**What needs to be done:** Without omitting anything, copy every entry word for word.

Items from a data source
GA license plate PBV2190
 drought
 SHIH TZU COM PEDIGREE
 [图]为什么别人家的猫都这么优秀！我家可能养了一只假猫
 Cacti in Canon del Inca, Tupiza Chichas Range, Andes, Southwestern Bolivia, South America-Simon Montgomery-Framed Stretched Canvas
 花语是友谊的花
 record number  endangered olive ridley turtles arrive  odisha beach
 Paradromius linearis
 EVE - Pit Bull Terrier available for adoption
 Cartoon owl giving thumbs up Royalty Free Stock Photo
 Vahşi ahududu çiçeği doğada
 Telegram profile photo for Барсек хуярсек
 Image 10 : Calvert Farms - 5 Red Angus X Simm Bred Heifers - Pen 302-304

**Problem solution:**
GA license plate PBV2190
 drought
 SHIH TZU COM PEDIGREE
 [图]为什么别人家的猫都这么优秀！我家可能养了一只假猫
 Cacti in Canon del Inca, Tupiza Chichas Range, Andes, Southwestern Bolivia, South America-Simon Montgomery-Framed Stretched Canvas
 花语是友谊的花
 record number  endangered olive ridley turtles arrive  odisha beach
 Paradromius linearis
 EVE - Pit Bull Terrier available for adoption
 Cartoon owl giving thumbs up Royalty Free Stock Photo
 Vahşi ahududu çiçeği doğada
 Telegram profile photo for Барсек хуярсек
 Image 10 : Calvert Farms - 5 Red Angus X Simm Bred Heifers - Pen 302-304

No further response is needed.